Japan Search RDF Model Primer (unofficial)

Japan Search is a national integrated cross-sectoral portal, with collection of metadata from local and national libraries, museums, archives to anime and broadcasting programs. It will be the starting point to search variety of creative content in Japan.

Japan Search data model
When, Where, Who, What
Some More Hints
EasySPARQL

Japan Search data model

Japan Search employs a hybrid databases: Elastic search engine and RDF store. While the former provides fast search and some pre-set tools on aggregated data, the latter adds normalized data for sophisticated SPARQL query.

Japan Search's RDF model (JPS RDF) is comprised of two major parts: (1) content description with normalized data, and (2) metadata about original (aggregated) data and contents access. The normalized part (1) has a set of simple schema.org descriptions, and corresponding structured descriptions.

Simple schema.org description

Because Japan Search aggregates variety of data from many sources, the JPS RDF normalizes data based on when (year base), where (prefecture or country base), who and what for easy access. Those values are described with simple schema.org properties e.g. schema:temporal, schema:spatial, schema:creator (or schema:contributor) and schema:about.

For example, "a work related to Okayama prefecture" is expressed as simple triple in Fig.1 (place:岡山 is the QName of normalized URI for Okayama prefecture).

In order to make the use of those data easier for non Japanese users, normalized resources in this model have English labels as schema:name with language tag "en" (Fig.2).

Each record (an item describing a work) in Japan Search has a label (rdfs:label) and a type. A query to find 陶磁 (ceramic) from Okayama prefecture looks like this:

A type URI has also an English schema:name (See available classes, labels and super classes).
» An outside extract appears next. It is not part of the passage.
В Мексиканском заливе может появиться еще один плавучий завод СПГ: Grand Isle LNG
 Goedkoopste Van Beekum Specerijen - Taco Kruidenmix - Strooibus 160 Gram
Some records present English schema:name as well (depends on the data provider). Therefore, the following query will get the same results as above, with optional English names (Do not forget to add language tags).

Note that the FILTER uses langMatches rather than simple lang, because JPS RDF tries to add English labels from Japanese Kana transcriptions if available (and if there is no English labels), and those machine generated English names are tagged as "en-jp" (langMatches appears to be quite heavy, we will instead use lang(?name)="en" || lang(?name)="en-jp" from here on).

Other simple schema.org properties will show you additional information on those items. Here we add schema:temporal and schema:creator as OPTIONAL since "where", "when", "who" are not necessarily present all on one record.

The result will show you how "when" and "who" information are organized: Temporal information is normalized in time: namespace, with the year as its local name (eg. time:1619). Time range is expressed as e.g. time:1500-1599 (which is equivalent to 16th century). A person (agent) is identified in the namespace chname: if normalized (cultural heritage name), and ncname: if not (non controlled name), with Japanese name as its local part. IRIs in chname: namespace have also English schema:name (see nomalized name index).

(Note the remaining examples omit PREFIX clauses for simplicity. They should work without them in this environment)

Structured description with JPS RDF properties

JPS RDF defines several properties to express structured description (we use jps: prefix for them). Structured description amends simple schema.org description, with jps:relationType property to refine the relationship, and connected to the value of corresponding simple description with jps:value.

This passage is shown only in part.